━━ SUPPLIED DATA ━━

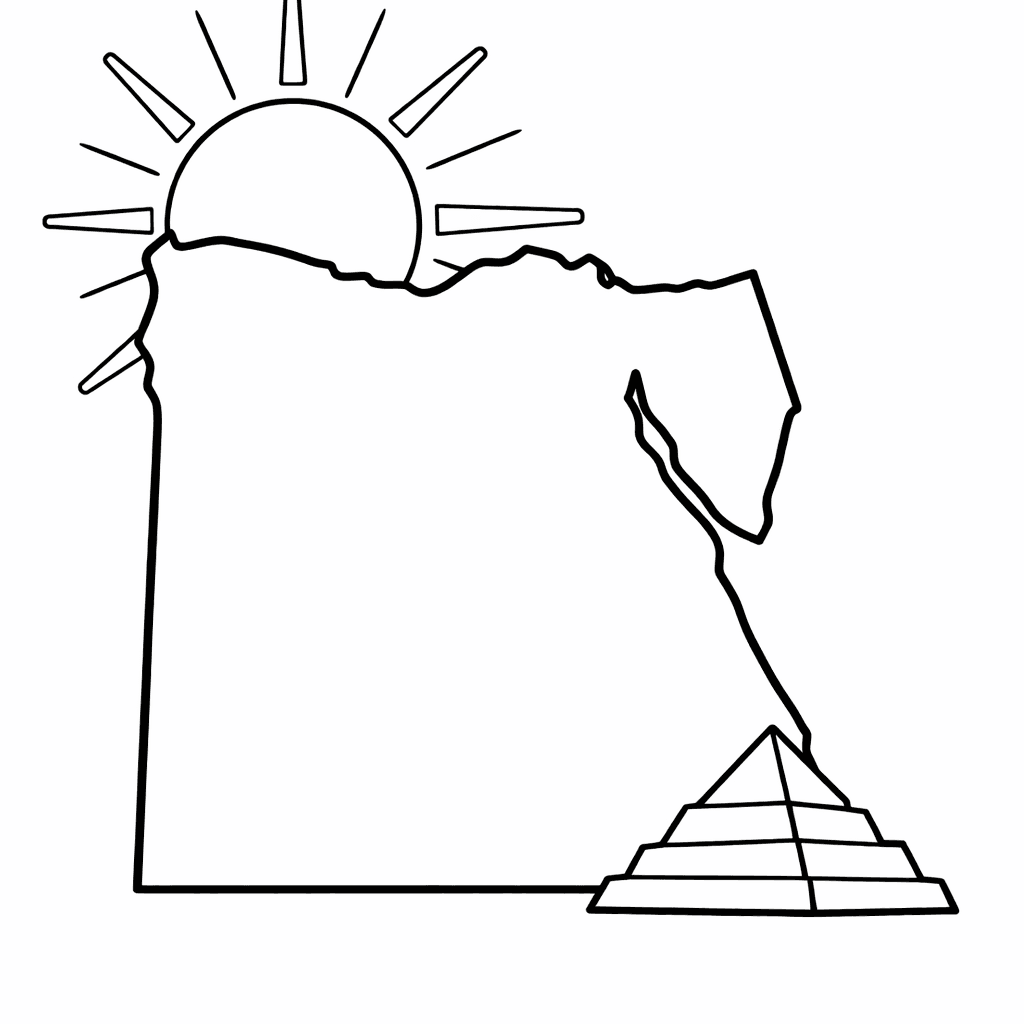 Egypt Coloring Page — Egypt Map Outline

━━━
━━ SUPPLIED DATA ━━

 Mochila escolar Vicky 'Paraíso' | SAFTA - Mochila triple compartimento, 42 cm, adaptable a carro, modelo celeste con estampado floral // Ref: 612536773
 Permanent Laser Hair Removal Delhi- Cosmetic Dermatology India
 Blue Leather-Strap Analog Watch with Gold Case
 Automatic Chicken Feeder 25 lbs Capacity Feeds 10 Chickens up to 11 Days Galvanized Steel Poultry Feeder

━━━
━━ SUPPLIED DATA ━━

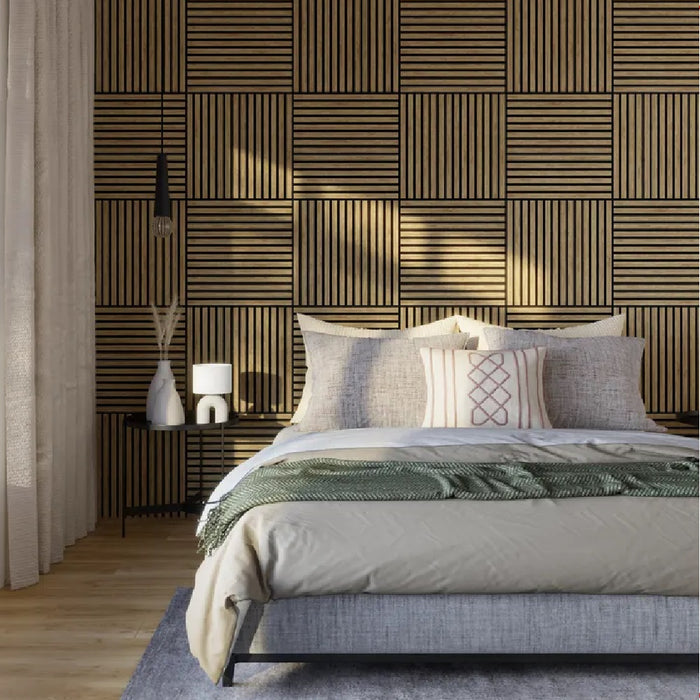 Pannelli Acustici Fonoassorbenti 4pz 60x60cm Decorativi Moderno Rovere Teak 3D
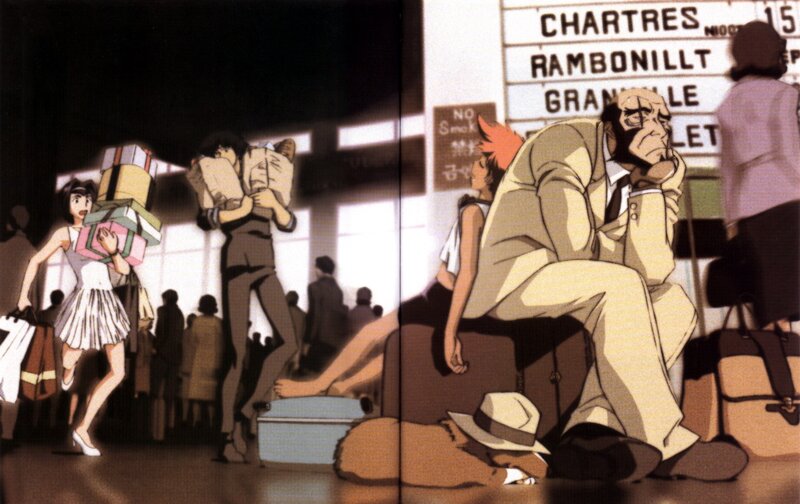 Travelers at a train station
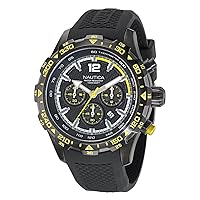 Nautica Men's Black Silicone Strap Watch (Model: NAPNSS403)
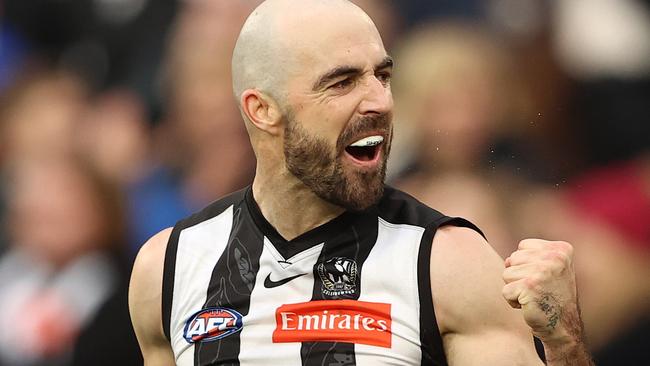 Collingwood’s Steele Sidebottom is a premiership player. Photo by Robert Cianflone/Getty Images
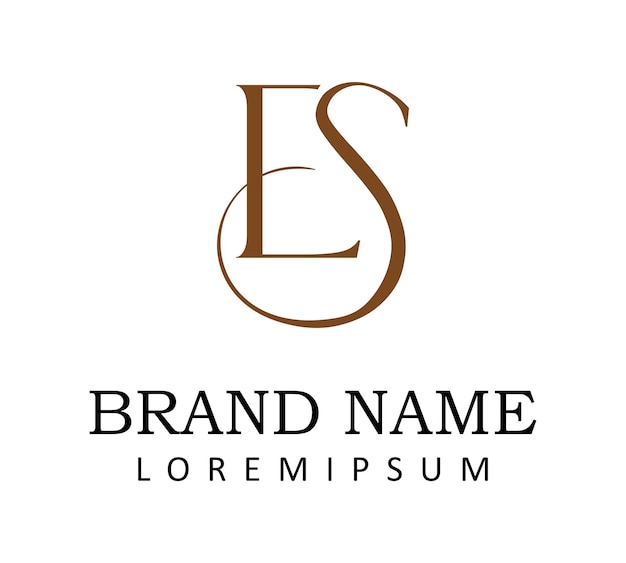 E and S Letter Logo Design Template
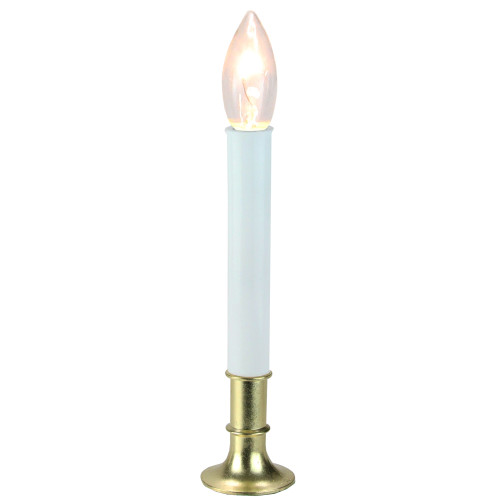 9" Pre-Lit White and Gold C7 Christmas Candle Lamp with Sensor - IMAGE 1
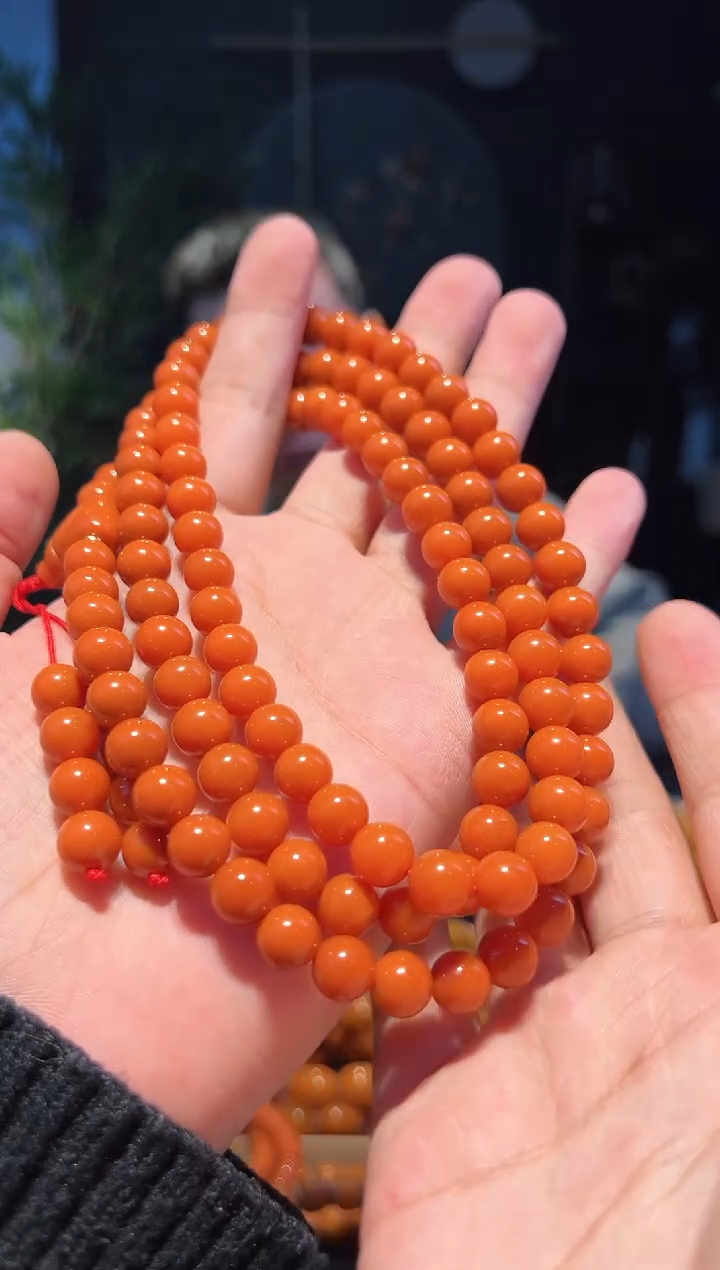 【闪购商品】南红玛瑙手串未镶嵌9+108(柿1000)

━━━

* _YOUR INSTRUCTIONS_
Copy the records above exactly, beginning at the line that contains "Blue Leather-Strap Analog" and stopping after the line that contains "Automatic Chicken Feeder".

* _ANSWER BELOW_
 Blue Leather-Strap Analog Watch with Gold Case
 Automatic Chicken Feeder 25 lbs Capacity Feeds 10 Chickens up to 11 Days Galvanized Steel Poultry Feeder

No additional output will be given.